§ Problem to work on
After finding the line with "A black and white poster" in the entries below, retype exactly each line from there through the line with "Navy blue Carhartt", including that final line.

§ Data for review
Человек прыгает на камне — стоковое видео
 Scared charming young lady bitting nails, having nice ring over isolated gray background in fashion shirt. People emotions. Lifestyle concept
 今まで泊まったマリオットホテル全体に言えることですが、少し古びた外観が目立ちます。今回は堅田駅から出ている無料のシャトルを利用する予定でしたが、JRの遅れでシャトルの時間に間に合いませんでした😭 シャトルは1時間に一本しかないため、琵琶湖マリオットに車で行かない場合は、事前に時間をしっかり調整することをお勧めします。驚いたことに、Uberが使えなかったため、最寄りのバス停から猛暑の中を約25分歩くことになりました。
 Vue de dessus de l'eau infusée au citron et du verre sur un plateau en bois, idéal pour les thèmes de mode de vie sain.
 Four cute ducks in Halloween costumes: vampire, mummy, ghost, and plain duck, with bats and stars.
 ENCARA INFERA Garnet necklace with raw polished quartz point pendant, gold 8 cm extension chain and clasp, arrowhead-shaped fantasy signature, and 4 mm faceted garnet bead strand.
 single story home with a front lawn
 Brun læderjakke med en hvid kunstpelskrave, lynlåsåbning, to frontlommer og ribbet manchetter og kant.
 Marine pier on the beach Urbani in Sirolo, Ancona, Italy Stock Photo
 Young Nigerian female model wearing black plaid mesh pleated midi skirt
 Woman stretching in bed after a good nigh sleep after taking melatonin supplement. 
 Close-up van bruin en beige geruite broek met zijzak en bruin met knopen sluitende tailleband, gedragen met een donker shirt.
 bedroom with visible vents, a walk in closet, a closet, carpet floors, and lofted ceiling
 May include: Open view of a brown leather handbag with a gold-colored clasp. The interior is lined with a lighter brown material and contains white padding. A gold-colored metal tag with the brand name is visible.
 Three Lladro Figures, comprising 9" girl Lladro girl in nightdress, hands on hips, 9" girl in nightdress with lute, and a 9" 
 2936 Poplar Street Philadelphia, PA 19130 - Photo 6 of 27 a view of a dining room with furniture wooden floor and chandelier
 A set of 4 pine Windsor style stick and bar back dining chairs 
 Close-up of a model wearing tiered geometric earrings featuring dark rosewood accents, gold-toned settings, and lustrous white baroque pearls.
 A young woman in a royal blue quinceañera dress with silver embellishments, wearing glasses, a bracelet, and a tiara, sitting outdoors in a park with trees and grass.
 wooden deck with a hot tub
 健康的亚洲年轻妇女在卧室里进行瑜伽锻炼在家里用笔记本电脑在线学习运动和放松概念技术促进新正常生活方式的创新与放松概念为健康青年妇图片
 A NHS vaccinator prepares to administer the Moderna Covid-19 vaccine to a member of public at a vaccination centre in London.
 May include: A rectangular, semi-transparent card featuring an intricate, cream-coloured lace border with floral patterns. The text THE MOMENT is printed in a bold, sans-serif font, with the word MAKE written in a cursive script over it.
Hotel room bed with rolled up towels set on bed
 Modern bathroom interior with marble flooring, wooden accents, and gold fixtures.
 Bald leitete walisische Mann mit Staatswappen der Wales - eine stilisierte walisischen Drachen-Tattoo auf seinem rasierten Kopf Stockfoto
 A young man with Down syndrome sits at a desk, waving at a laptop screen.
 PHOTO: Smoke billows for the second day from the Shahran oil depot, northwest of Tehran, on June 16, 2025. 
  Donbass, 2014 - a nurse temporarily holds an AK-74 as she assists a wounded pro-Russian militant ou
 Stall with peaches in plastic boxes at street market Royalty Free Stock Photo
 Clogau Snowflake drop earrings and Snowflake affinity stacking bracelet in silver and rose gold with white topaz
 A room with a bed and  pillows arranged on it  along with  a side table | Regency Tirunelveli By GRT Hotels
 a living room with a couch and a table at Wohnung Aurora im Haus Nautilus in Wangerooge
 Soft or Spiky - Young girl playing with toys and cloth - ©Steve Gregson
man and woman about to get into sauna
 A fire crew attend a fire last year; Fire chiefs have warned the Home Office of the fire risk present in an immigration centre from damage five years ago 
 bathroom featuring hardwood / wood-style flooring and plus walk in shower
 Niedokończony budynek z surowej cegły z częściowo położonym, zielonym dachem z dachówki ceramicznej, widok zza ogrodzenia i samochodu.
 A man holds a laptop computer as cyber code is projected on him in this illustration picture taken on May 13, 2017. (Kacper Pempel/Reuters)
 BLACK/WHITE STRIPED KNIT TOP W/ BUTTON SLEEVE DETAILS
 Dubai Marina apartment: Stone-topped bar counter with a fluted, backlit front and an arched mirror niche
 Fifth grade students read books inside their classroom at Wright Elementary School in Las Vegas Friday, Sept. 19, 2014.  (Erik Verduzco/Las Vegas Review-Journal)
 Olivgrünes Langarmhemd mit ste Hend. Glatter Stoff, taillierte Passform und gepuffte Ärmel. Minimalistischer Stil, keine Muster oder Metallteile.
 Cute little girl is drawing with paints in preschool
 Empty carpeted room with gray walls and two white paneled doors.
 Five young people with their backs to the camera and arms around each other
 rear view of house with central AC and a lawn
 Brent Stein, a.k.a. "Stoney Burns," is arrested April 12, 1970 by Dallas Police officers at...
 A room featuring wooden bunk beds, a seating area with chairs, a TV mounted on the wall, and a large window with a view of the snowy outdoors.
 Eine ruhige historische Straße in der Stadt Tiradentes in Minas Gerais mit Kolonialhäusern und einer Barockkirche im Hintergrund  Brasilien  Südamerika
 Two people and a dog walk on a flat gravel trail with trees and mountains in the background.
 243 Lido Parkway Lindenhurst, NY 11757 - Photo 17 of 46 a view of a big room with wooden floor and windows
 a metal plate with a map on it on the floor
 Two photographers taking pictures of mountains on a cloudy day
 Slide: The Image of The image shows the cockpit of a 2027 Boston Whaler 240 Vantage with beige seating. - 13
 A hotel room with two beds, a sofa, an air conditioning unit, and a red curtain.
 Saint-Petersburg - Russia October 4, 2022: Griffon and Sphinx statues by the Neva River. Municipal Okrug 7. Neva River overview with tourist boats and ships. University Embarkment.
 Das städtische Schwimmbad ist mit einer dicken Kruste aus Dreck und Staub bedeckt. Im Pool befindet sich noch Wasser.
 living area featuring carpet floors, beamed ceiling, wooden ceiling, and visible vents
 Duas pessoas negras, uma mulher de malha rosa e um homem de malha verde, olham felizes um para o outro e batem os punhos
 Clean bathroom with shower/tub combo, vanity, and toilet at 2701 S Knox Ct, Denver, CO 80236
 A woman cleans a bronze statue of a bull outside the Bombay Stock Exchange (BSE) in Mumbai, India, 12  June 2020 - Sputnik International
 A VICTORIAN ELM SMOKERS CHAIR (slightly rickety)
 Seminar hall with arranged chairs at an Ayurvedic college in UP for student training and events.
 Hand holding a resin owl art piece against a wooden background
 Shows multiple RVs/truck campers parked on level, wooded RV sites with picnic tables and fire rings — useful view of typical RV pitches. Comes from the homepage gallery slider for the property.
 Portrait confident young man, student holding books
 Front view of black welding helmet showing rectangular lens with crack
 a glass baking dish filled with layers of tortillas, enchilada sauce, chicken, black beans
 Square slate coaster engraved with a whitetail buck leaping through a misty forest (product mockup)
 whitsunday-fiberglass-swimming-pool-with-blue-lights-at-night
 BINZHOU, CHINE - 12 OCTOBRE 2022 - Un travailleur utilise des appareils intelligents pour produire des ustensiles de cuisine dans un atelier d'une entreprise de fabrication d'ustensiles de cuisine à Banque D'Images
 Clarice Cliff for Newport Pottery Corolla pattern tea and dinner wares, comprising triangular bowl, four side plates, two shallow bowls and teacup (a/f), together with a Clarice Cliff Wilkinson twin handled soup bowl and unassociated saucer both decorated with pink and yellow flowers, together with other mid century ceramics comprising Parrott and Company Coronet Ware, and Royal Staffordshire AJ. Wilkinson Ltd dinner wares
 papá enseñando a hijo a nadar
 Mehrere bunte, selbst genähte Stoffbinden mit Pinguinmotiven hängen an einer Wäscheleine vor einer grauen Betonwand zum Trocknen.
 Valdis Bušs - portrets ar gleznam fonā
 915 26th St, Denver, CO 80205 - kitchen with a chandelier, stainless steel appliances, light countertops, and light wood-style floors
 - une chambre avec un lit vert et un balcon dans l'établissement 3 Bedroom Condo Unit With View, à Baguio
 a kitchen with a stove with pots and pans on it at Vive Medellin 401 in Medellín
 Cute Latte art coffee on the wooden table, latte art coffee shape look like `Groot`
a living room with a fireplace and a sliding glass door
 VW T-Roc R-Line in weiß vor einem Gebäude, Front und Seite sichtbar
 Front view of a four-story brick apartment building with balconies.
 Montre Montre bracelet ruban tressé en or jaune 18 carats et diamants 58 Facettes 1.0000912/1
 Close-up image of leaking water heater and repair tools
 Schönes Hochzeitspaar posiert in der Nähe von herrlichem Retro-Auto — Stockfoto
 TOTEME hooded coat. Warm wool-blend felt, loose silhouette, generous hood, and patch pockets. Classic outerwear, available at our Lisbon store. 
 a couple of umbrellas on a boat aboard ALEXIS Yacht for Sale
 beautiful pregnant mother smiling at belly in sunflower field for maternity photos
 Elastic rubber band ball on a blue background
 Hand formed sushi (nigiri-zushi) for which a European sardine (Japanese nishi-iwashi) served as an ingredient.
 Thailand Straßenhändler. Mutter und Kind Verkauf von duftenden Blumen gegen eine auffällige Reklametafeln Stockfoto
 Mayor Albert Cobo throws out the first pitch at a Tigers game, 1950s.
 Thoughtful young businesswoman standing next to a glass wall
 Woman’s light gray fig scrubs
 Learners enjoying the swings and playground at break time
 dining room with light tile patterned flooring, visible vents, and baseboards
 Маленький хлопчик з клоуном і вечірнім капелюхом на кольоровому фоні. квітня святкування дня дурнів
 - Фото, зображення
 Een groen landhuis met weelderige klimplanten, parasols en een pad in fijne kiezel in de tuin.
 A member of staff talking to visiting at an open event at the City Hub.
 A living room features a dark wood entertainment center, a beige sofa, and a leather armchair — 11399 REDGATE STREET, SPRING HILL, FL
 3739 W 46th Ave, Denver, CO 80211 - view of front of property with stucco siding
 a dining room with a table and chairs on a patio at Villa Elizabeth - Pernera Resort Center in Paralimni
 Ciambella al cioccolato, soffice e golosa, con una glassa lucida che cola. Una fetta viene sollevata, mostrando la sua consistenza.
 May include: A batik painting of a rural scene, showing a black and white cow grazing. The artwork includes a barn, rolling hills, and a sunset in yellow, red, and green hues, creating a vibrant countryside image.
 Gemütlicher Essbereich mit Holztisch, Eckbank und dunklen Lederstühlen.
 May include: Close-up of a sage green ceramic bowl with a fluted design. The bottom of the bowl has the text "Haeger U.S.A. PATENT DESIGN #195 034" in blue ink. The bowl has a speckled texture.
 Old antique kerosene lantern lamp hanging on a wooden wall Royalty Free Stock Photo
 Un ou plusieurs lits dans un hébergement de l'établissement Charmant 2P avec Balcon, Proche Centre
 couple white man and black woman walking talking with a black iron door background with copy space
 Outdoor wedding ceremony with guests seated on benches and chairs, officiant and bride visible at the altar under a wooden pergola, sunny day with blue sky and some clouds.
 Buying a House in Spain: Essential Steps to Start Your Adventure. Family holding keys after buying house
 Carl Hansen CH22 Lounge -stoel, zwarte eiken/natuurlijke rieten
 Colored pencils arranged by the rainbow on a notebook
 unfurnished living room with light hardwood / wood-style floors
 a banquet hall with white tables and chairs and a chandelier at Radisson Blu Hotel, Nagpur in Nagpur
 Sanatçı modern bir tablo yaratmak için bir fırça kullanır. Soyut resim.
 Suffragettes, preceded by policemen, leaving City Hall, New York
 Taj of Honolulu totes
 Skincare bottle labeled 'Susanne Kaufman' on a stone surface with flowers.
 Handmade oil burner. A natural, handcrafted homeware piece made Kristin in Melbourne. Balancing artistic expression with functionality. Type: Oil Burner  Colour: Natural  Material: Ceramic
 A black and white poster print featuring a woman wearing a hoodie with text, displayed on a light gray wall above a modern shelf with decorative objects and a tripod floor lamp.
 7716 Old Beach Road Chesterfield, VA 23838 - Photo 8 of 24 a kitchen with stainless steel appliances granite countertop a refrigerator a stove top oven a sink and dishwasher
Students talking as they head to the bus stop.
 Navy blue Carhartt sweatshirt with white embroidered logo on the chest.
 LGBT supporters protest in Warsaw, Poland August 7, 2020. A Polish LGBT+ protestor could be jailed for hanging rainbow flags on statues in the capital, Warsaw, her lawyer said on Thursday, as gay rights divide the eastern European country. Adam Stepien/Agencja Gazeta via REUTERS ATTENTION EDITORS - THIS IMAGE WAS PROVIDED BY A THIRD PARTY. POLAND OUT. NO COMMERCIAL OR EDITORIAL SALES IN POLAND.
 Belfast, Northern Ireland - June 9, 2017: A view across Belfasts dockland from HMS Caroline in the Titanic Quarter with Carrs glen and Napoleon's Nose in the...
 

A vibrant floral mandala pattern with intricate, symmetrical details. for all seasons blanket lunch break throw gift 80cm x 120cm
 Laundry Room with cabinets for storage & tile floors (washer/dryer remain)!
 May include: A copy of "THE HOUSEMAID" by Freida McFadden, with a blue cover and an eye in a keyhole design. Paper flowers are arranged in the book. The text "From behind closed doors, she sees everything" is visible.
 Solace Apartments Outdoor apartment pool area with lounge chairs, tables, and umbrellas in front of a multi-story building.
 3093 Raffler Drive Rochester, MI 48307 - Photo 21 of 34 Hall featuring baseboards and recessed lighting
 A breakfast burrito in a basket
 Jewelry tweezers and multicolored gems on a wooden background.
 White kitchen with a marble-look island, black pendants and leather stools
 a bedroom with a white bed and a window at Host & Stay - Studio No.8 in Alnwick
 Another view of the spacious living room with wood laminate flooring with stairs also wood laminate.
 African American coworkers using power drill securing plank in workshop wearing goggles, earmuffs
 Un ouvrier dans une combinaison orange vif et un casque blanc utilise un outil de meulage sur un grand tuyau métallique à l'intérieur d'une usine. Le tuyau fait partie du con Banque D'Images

§ Response area
 A black and white poster print featuring a woman wearing a hoodie with text, displayed on a light gray wall above a modern shelf with decorative objects and a tripod floor lamp.
 7716 Old Beach Road Chesterfield, VA 23838 - Photo 8 of 24 a kitchen with stainless steel appliances granite countertop a refrigerator a stove top oven a sink and dishwasher
Students talking as they head to the bus stop.
 Navy blue Carhartt sweatshirt with white embroidered logo on the chest.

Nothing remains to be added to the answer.